At a press conference later, Panetta said Chinese leaders he has met with on the trip seemed to generally accept the United States’ desire to be more involved in the region. While agreeing a U.S. presence helps regional stability, he said, they expressed concerns about too much U.S. military emphasis in the new strategy.

“No one mentioned the word ‘containment’ or that our efforts were aimed at China,” Panetta said. “At the same time, what they did raise were concerns about the military emphasis of our rebalancing to the Pacific.

“What they urged, and frankly, what we would agree with, is that it be a balanced approach.”

Panetta was on his second day of high-level meetings and military site visits. Earlier Wednesday, he met with likely Chinese leader-in-waiting Xi Jinping, who appeared in public for the first time in weeks after an absence that fueled rumors of health problems and communist power struggles. On Thursday, the defense secretary was scheduled to fly to the coastal city of Tsingtao to tour the headquarters of the Chinese navy’s northern fleet before leaving for New Zealand, where he had official meetings scheduled for Friday and Saturday.

The Pacific-centric U.S. defense strategy introduced this year has been viewed in China as a means to counter a growing Chinese economic and military power, and to prevail in case of a conflict.

But Panetta said during the academy speech that the strategic shift could actually lead to closer ties between the countries if they begin to cooperate on mutual problems, including piracy, nuclear proliferation and natural disaster responses.

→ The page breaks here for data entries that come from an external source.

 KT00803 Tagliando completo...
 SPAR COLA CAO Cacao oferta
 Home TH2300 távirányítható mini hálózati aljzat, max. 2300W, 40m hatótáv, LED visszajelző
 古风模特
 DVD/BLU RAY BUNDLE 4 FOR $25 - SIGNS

The rebalance encompasses the economic and diplomatic spheres as well as defense, and is ultimately necessary for the United States, Panetta said.

“We recognize that in the 21st century, America’s future security and prosperity will be linked to Asia more than any other region on Earth,” he said.

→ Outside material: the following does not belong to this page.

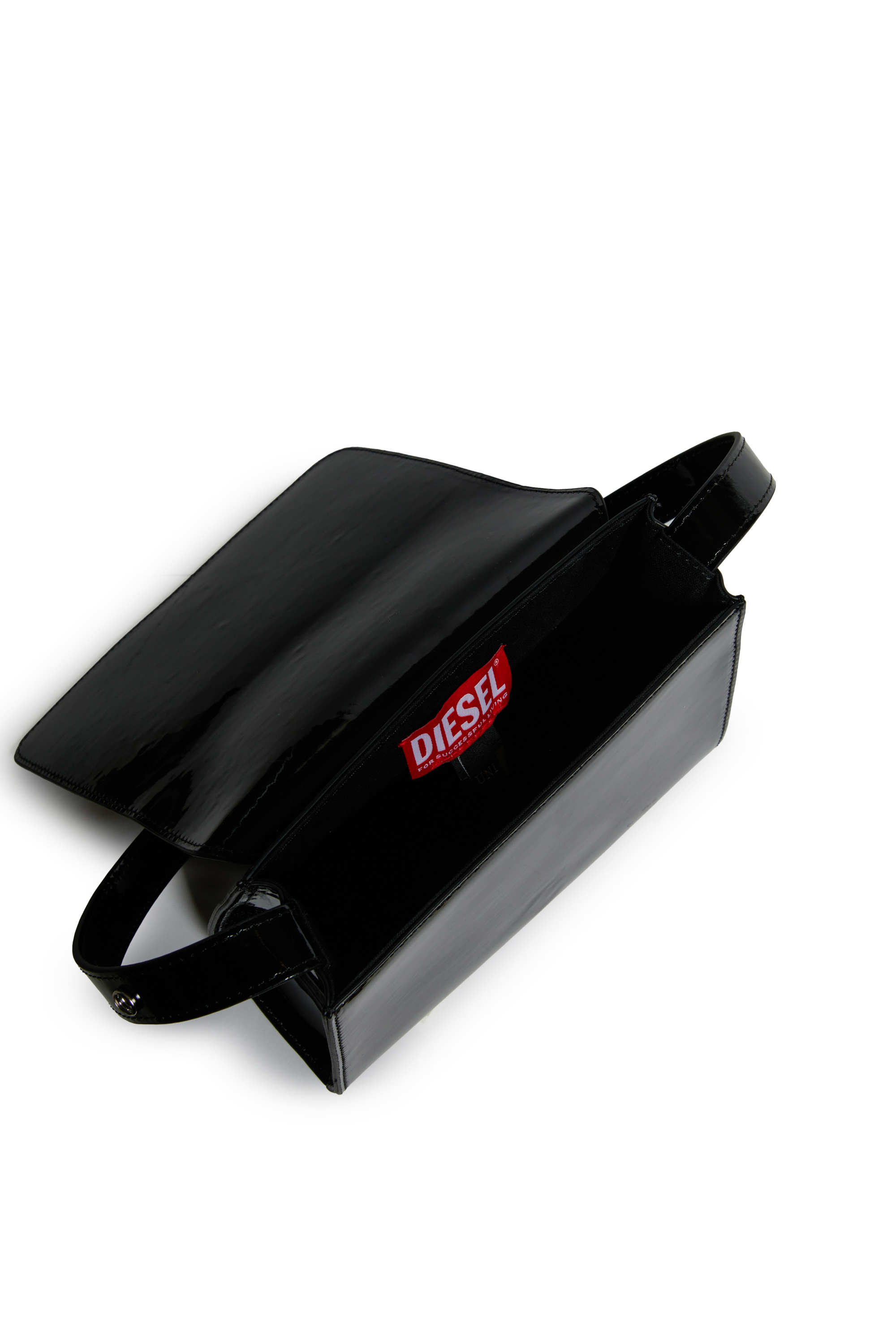 Diesel - WROSE, WROSE Borsa con tracolla Donna in Nero - 5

Panetta said the United States will continue to push for observance of a “rules-based order” emphasizing freedom of trade and navigation and peaceful settling of territorial disputes, including an emotional dispute between China and close U.S. ally Japan over a group of islands — Senkaku in Japanese and Diaoyu in Chinese — that both nations claim as their own.

Japan’s purchase of some of the islands recently from private owners angered China, which sent military vessels to patrol nearby. Meanwhile, boisterous anti-Japanese demonstrations broke out across the country in recent days and U.S. ambassador Gary Locke’s car was surrounded and slightly damaged by protesters Tuesday.

An Asia expert said Panetta seems to have accomplished some of his goals of explaining the rebalance to leaders and allaying some fears — although some in China don’t seem eager to listen.

“The fact that protesters even harmed the U.S. ambassador’s car suggests that not everyone in China sees the United States’ intentions the same as Secretary Panetta,” said Patrick Cronin, senior director of the Asia-Pacific Security Program at the Center for a New American Security, a Washington think tank with close ties to the Obama administration.

Whether the apparent goodwill between Panetta and Chinese leadership translates into a smooth relationship as both countries build their military capabilities in the region remains to be seen, Cronin said.

“The trip,” he said, “continues stepped up U.S. engagement in the region, but it necessarily leaves behind a passel of long-term questions about the sustainability of American influence, the strength of U.S. alliances and partnerships, and the future of Sino-American relations.”